_Material provided_
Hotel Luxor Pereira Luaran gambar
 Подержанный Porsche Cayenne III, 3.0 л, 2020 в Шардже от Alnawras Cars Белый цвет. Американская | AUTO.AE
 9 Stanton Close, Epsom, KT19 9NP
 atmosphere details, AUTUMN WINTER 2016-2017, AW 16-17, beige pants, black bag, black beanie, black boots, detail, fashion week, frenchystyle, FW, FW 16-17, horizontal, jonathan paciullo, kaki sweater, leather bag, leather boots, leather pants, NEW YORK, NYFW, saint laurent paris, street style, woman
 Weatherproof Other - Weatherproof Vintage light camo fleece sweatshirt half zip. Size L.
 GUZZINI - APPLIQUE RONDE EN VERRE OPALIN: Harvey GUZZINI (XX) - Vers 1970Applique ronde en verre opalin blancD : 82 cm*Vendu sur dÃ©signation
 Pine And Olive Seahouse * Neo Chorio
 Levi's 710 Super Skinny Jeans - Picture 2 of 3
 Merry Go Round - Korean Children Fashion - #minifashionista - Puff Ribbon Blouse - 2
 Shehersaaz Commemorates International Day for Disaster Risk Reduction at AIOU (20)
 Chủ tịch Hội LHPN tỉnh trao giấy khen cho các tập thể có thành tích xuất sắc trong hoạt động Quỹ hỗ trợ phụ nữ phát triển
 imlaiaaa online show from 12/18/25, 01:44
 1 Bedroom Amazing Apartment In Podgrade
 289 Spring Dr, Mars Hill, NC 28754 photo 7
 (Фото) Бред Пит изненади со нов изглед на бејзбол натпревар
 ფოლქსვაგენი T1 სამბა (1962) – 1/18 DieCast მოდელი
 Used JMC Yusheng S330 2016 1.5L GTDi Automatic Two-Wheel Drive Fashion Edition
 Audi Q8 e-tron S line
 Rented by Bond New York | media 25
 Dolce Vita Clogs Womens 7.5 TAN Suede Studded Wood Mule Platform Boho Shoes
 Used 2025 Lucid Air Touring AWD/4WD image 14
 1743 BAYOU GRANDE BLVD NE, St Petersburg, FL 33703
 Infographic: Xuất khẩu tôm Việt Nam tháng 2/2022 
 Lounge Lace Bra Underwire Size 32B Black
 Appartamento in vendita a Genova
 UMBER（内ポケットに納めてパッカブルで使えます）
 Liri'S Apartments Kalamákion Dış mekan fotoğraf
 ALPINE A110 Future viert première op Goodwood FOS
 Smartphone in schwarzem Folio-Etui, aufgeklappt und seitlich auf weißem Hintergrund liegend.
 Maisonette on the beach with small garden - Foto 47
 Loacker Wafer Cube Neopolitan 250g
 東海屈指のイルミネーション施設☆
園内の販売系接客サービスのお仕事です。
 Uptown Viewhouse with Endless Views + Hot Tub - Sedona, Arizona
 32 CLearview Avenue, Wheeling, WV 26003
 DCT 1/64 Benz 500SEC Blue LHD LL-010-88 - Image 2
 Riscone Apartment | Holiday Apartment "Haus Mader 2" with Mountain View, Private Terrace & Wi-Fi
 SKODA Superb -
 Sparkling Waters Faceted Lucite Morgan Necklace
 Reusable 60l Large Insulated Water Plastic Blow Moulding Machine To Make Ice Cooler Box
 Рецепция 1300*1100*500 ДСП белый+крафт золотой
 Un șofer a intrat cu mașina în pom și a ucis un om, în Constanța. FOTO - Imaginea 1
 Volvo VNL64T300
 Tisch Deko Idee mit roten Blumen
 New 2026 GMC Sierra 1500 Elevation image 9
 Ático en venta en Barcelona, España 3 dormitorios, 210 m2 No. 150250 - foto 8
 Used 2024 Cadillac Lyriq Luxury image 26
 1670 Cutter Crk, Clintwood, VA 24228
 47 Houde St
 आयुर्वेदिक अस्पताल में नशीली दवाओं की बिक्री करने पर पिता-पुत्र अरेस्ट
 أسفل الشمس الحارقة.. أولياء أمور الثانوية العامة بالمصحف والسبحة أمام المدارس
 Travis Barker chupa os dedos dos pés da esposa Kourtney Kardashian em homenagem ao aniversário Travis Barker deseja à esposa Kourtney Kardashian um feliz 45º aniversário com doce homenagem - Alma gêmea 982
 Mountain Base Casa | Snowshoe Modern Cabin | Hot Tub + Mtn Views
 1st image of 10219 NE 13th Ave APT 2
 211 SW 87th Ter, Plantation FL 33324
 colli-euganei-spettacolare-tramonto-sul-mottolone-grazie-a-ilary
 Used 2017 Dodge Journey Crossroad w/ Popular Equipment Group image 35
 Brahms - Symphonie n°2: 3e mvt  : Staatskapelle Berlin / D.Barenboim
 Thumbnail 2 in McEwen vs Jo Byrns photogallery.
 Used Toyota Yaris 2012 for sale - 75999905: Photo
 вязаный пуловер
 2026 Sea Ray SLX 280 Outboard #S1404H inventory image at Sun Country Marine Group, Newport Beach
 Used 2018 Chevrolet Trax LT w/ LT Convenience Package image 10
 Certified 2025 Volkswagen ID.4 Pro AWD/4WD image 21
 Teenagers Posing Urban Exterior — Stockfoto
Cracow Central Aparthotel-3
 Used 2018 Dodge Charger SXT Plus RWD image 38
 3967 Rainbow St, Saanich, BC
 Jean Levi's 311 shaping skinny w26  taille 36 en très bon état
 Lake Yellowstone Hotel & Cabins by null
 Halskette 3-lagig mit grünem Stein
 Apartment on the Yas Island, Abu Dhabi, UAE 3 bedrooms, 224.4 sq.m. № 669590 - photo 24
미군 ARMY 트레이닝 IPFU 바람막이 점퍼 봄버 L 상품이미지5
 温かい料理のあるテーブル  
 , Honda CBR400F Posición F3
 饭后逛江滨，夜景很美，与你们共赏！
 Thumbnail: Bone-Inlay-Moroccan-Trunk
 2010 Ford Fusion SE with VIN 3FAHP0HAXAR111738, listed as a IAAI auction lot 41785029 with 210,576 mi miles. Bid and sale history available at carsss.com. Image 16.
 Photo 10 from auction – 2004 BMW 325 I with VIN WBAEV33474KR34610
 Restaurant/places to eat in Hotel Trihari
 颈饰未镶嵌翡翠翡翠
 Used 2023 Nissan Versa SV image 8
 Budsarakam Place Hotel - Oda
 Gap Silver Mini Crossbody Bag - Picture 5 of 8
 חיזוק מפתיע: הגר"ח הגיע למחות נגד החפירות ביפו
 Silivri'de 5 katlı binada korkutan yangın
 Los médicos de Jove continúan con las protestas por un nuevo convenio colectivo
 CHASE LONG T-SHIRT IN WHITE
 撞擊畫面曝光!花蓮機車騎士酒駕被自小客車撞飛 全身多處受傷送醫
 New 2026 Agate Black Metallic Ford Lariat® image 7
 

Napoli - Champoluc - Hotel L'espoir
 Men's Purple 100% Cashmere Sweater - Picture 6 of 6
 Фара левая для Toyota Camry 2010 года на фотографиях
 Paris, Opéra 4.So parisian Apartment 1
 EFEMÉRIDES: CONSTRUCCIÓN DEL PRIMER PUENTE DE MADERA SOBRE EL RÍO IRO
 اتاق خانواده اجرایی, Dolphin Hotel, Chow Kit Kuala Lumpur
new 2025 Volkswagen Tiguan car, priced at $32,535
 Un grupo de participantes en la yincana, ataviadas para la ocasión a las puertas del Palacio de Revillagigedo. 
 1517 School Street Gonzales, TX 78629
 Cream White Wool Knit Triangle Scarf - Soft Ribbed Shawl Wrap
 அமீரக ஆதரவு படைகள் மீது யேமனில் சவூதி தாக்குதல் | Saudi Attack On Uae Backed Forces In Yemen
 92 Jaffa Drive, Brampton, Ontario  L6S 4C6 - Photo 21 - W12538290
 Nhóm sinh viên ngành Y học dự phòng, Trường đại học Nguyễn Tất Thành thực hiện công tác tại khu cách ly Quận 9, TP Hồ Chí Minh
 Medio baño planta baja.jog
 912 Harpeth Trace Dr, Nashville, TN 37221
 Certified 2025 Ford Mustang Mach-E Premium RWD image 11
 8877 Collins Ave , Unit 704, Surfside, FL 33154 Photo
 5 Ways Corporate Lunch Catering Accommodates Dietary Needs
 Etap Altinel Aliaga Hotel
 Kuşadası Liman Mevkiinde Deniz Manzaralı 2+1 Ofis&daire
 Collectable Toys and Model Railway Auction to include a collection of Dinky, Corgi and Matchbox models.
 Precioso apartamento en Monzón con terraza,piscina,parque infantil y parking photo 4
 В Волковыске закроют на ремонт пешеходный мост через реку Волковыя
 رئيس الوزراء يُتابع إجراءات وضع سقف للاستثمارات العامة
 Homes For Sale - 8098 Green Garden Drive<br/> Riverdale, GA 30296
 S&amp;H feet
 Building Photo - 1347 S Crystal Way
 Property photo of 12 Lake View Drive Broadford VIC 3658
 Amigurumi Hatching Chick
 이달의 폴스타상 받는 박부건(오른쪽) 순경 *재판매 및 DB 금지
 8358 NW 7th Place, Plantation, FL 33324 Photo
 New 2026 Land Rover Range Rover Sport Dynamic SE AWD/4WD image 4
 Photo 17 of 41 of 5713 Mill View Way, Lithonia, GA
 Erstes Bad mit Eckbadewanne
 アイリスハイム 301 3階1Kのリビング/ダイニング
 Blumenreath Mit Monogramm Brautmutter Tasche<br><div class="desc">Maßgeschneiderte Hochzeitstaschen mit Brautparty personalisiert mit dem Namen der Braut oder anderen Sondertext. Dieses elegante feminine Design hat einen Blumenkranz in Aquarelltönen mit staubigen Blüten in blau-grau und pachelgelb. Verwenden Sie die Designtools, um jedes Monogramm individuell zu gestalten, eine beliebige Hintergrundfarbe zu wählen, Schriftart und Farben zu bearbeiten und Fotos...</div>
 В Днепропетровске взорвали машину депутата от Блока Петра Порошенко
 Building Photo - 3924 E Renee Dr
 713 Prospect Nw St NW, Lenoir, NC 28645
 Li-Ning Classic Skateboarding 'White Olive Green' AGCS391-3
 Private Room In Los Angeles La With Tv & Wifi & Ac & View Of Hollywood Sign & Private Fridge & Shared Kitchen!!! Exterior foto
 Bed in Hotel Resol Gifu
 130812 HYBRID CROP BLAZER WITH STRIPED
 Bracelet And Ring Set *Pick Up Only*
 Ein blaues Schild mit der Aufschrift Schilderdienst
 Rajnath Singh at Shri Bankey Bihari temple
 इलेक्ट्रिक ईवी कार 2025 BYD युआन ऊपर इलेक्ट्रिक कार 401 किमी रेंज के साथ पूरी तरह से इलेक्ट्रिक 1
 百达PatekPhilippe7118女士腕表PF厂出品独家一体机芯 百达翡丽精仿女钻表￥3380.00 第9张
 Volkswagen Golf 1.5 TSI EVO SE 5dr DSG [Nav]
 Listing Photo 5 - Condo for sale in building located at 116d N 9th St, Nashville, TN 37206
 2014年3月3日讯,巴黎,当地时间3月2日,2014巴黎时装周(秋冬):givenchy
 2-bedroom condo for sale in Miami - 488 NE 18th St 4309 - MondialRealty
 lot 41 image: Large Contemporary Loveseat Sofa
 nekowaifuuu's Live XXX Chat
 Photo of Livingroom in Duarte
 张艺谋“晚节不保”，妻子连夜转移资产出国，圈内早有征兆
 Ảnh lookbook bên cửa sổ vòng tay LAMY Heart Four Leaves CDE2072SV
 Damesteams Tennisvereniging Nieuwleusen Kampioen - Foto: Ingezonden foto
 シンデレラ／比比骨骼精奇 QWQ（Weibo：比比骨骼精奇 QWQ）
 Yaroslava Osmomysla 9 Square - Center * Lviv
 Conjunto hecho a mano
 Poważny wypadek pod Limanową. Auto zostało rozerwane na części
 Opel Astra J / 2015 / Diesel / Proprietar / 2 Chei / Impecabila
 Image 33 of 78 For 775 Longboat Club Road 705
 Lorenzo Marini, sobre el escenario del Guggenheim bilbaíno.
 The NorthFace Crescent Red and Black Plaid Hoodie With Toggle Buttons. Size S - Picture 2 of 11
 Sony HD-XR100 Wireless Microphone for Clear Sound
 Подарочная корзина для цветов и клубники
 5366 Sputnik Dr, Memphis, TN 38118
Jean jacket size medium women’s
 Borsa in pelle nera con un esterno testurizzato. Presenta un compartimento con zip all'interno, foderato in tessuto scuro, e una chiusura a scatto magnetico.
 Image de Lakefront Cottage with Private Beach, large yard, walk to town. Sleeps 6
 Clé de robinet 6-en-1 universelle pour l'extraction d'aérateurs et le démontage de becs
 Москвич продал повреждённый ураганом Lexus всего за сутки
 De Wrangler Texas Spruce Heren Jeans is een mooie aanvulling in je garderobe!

_Task directions_
Retype the entries above exactly, but only from the line containing "アイリスハイム 301 3階1Kのリビング/ダイニング" through the line containing "Lorenzo Marini, sobre", both included.

_Task output_
 アイリスハイム 301 3階1Kのリビング/ダイニング
 Blumenreath Mit Monogramm Brautmutter Tasche<br><div class="desc">Maßgeschneiderte Hochzeitstaschen mit Brautparty personalisiert mit dem Namen der Braut oder anderen Sondertext. Dieses elegante feminine Design hat einen Blumenkranz in Aquarelltönen mit staubigen Blüten in blau-grau und pachelgelb. Verwenden Sie die Designtools, um jedes Monogramm individuell zu gestalten, eine beliebige Hintergrundfarbe zu wählen, Schriftart und Farben zu bearbeiten und Fotos...</div>
 В Днепропетровске взорвали машину депутата от Блока Петра Порошенко
 Building Photo - 3924 E Renee Dr
 713 Prospect Nw St NW, Lenoir, NC 28645
 Li-Ning Classic Skateboarding 'White Olive Green' AGCS391-3
 Private Room In Los Angeles La With Tv & Wifi & Ac & View Of Hollywood Sign & Private Fridge & Shared Kitchen!!! Exterior foto
 Bed in Hotel Resol Gifu
 130812 HYBRID CROP BLAZER WITH STRIPED
 Bracelet And Ring Set *Pick Up Only*
 Ein blaues Schild mit der Aufschrift Schilderdienst
 Rajnath Singh at Shri Bankey Bihari temple
 इलेक्ट्रिक ईवी कार 2025 BYD युआन ऊपर इलेक्ट्रिक कार 401 किमी रेंज के साथ पूरी तरह से इलेक्ट्रिक 1
 百达PatekPhilippe7118女士腕表PF厂出品独家一体机芯 百达翡丽精仿女钻表￥3380.00 第9张
 Volkswagen Golf 1.5 TSI EVO SE 5dr DSG [Nav]
 Listing Photo 5 - Condo for sale in building located at 116d N 9th St, Nashville, TN 37206
 2014年3月3日讯,巴黎,当地时间3月2日,2014巴黎时装周(秋冬):givenchy
 2-bedroom condo for sale in Miami - 488 NE 18th St 4309 - MondialRealty
 lot 41 image: Large Contemporary Loveseat Sofa
 nekowaifuuu's Live XXX Chat
 Photo of Livingroom in Duarte
 张艺谋“晚节不保”，妻子连夜转移资产出国，圈内早有征兆
 Ảnh lookbook bên cửa sổ vòng tay LAMY Heart Four Leaves CDE2072SV
 Damesteams Tennisvereniging Nieuwleusen Kampioen - Foto: Ingezonden foto
 シンデレラ／比比骨骼精奇 QWQ（Weibo：比比骨骼精奇 QWQ）
 Yaroslava Osmomysla 9 Square - Center * Lviv
 Conjunto hecho a mano
 Poważny wypadek pod Limanową. Auto zostało rozerwane na części
 Opel Astra J / 2015 / Diesel / Proprietar / 2 Chei / Impecabila
 Image 33 of 78 For 775 Longboat Club Road 705
 Lorenzo Marini, sobre el escenario del Guggenheim bilbaíno.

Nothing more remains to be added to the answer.